In re Gillen

568 B.R. 74, 77 Collier Bankr. Cas. 2d 1418, 2017 Bankr. LEXIS 1382
CourtUnited States Bankruptcy Court, C.D. Illinois
DecidedMay 19, 2017
DocketCase No. 16-81595
StatusPublished
Cited by2 cases

This text of 568 B.R. 74 (In re Gillen) is published on Counsel Stack Legal Research, covering United States Bankruptcy Court, C.D. Illinois primary law. Counsel Stack provides free access to over 12 million legal documents including statutes, case law, regulations, and constitutions.

Bluebook
In re Gillen, 568 B.R. 74, 77 Collier Bankr. Cas. 2d 1418, 2017 Bankr. LEXIS 1382 (Ill. 2017).

Opinion

OPINION

Thomas L. Perkins, United States Bankruptcy Judge

This matter is before the Court on confirmation of the Chapter 13 Plan filed by Arthur Gillen (DEBTOR) and the objection thereto by the Standing Chapter 13 Trustee, Marsha Combs-Skinner. The plan is for a term of sixty (60) months and will pay unsecured creditors in full, without interest. The Trustee’s basis for objecting is that the DEBTOR has failed to commit all of his monthly disposable income to the plan, which if he did so would result in a substantially shorter plan term and quicker payoff for creditors. If the DEBTOR is not willing to increase the monthly pay[76]*76ment amount, the Trustee asserts that he should be required to provide for the present value of unsecured creditors’ claims by-paying those claims with interest. The issue turns on the interpretation of section 1325(b)(1).

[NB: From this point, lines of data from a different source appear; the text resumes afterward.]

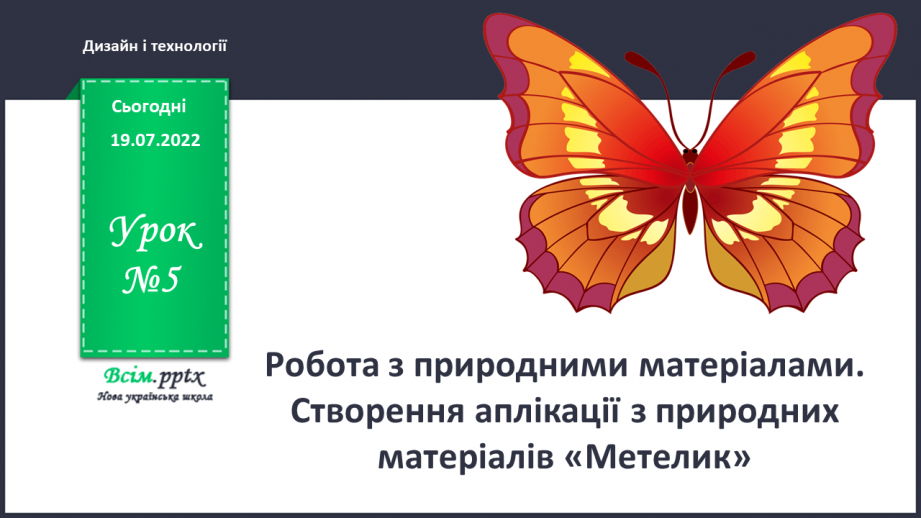 №05 - Робота з природними матеріалами. Створення аплікації з природних матеріалів «Метелик».0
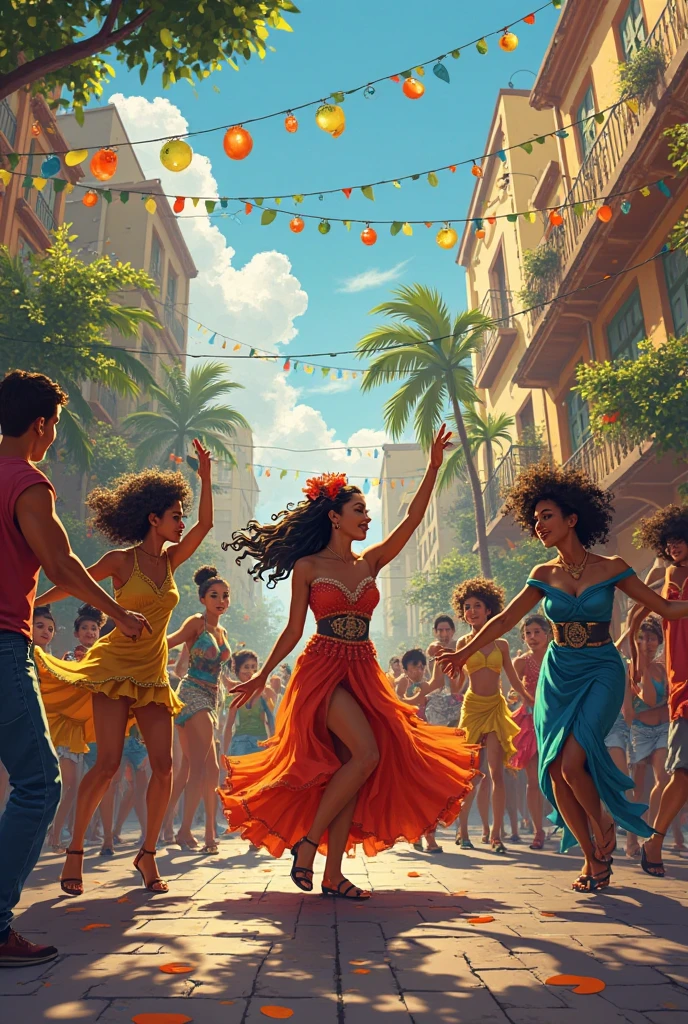 Ana at an Argentine party, with tango dancers and waving flags.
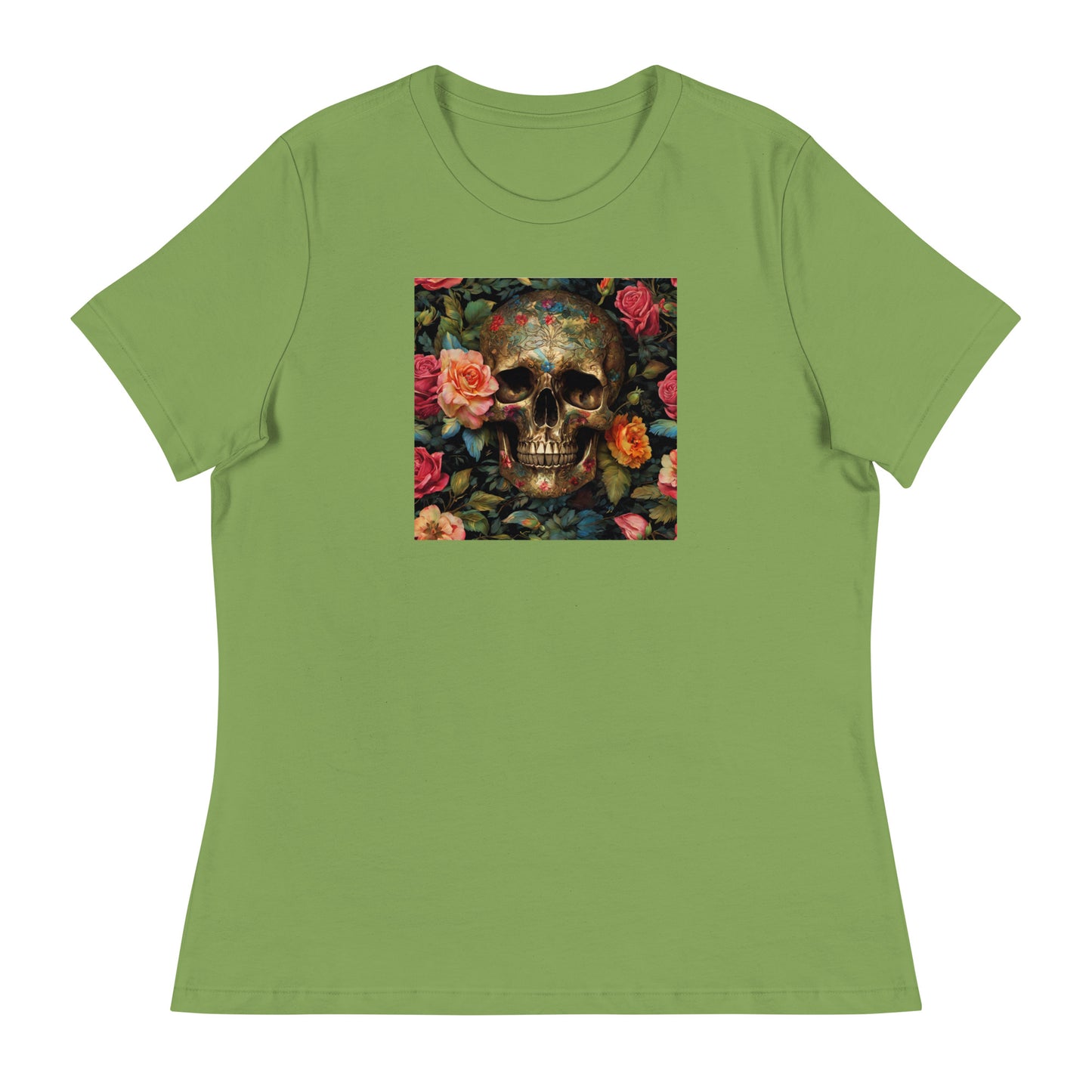 Skull and Roses Graphic Women's T-Shirt Leaf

The material facts are not in dispute. The DEBTOR filed his Chapter 13 petition on November 4, 2016. He is single with no dependents. A retiree, he receives a substantial pension payment each month, plus social security, giving him monthly net income of $7,054.00. After deducting his expenses, the DEBTOR’S monthly net income as calculated on Schedule J is $4,085.12. The DEBTOR’S Form 122C-1 shows he is an over-median debtor with a monthly disposable income of $2,020.40 as calculated on Form 122C-2. The DEBTOR’S Chapter 13 plan proposes a monthly payment of $1,262.00 over sixty (60) months for a total paid in of $75,720,00. After deducting the amounts required for administrative fees, priority and secured claims, the amount remaining, $44,664.25, is sufficient to pay all timely filed unsecured claims in full. The DEBTOR does not dispute that he has excess disposable income great enough to pay interest on allowed unsecured claims if forced to do so.

The Trustee filed her Confirmation Report on January 4, 2017, stating that the DEBTOR’S monthly plan payment should be increased to $2,020.40 or the plan should compensate unsecured creditors with interest. No creditors have objected to the plan, but the Trustee raised her objection at the confirmation hearing on January 19, 2017 and the parties were given time to brief the issue. The Trustee asserts that the DEBTOR has the ability to complete the plan in less than sixty (60) months and, because the plan does not commit his entire monthly disposable income for payment to the Trustee, the DEBTOR should be required to account for the time value of money by paying interest on unsecured claims. The Trustee contends that interest is mandated by section 1325(b)(1)(A).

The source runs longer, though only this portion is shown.